Permitted claims must be **truthful, substantiated, and supported by evidence** held in the Product Information File. Substantiation may be ingredient-based, in-vitro testing, in-vivo testing, consumer perception studies, or published scientific literature, subject to the documentation standards in ASEAN Guidelines on Claim Substantiation.
Advertising of cosmetics is governed by the Advertising Law 16/2012/QH13 and its implementing decrees. For most cosmetic products, advertising content must be **registered/confirmed** with the provincial Department of Health before broadcast; the content must be consistent with the notified product claims.
Key documents
Definition and claim framework:
• Circular 06/2011/TT-BYT, Article 2 — cosmetic definition.
• ASEAN Cosmetic Directive, Article 2 — original definition.
• ASEAN Guidelines on Cosmetic Claims — categories of acceptable claims and prohibited therapeutic language.
• ASEAN Guidelines on Claim Substantiation — documentation standard for evidence supporting cosmetic claims.
Borderline product determinations:
• Law on Pharmacy 105/2016/QH13 — drug definition (the test for whether a product crosses into drug territory).

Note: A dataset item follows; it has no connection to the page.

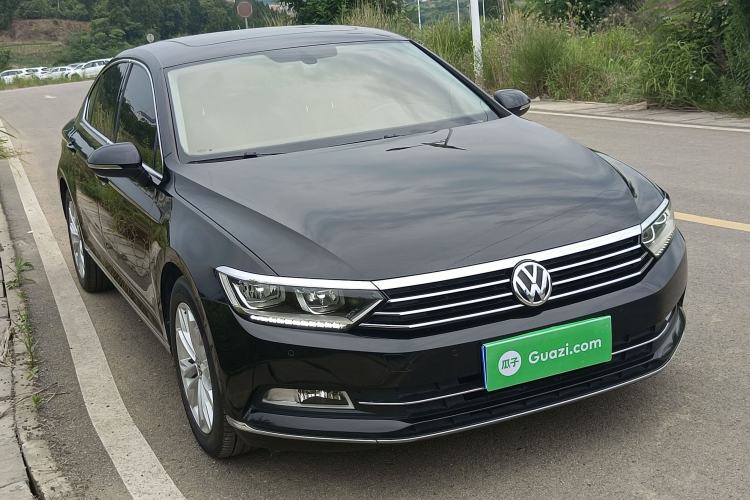 Used Volkswagen Magotan 2018 Facelift 330TSI DSG Luxury Model Front Right 45 Deg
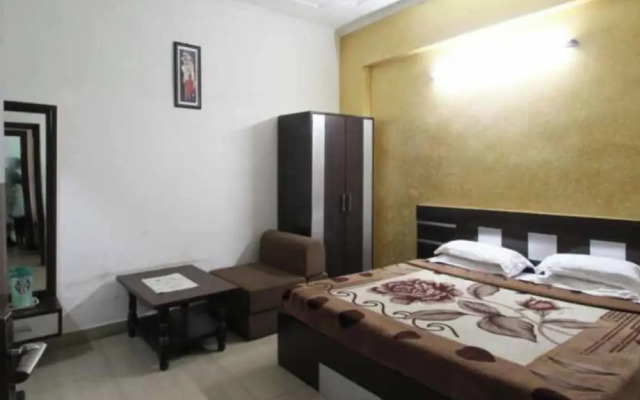 Goroomgo Viren Holiday Home Agra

• Decree 36/2016/NĐ-CP and Decree 98/2021/NĐ-CP — medical-device definition (the test for borderline products that may be medical devices).
• DAV opinions on specific borderline products — issued case by case on request from manufacturers.
Advertising:
• Law on Advertising 16/2012/QH13.
• Decree 181/2013/NĐ-CP — detailed rules implementing the Advertising Law.
• Decree 70/2021/NĐ-CP — advertising in the network environment, including cross-border e-commerce.
• Decree 38/2021/NĐ-CP — administrative penalties for advertising violations (amended by Decree 129/2021/NĐ-CP).
• Circular 09/2015/TT-BYT — confirmation of advertising content for pharmaceutical, cosmetic, food, and medical-device products.
Recent updates
Enforcement trends:
• Skin-whitening cosmetics with therapeutic claims (e.g., "treats melasma", "removes scars permanently") remain a primary enforcement target for DAV and provincial DOH inspectors.
• Live-stream and e-commerce cosmetic sales increasingly fall under the network-advertising rules of Decree 70/2021; platform operators are required to remove non-compliant listings on notice from MOH.
• Decree 38/2021/NĐ-CP raises fines for misleading cosmetic advertising up to 80 million VND for organisations (40 million for individuals), plus possible withdrawal of the advertising confirmation and suspension of the notification number.
ASEAN guideline updates:
• ASEAN Cosmetic Claim Guidelines were tightened in recent cycles on "natural", "organic", "vegan", and "clinically proven" claims, requiring documented standards and traceable origin.
• ACSB has clarified positions on claims related to micro-biome, blue-light protection, and pollution-defence — permitted only with consumer-perception or in-vitro evidence at minimum.
Resources & links
Vietnamese guidance:
• DAV — https://dav.gov.vn — borderline-product opinions, advertising-content confirmation status, public warnings.
• Provincial DOH cosmetic-advertising registries.
ASEAN guidance:
• ASEAN Guidelines on Cosmetic Claims and on Claim Substantiation — published via the ASEAN Secretariat.
• ACSB technical bulletins on emerging claim categories.
International references:
• EU SCCS opinions and the EU Cosmetic Regulation Annex VI (claims) — primary reference; ACD typically aligns.
• ICCR (International Cooperation on Cosmetics Regulation) consensus documents — common-language claim frameworks.
• Cosmetics Europe — claim category guidance.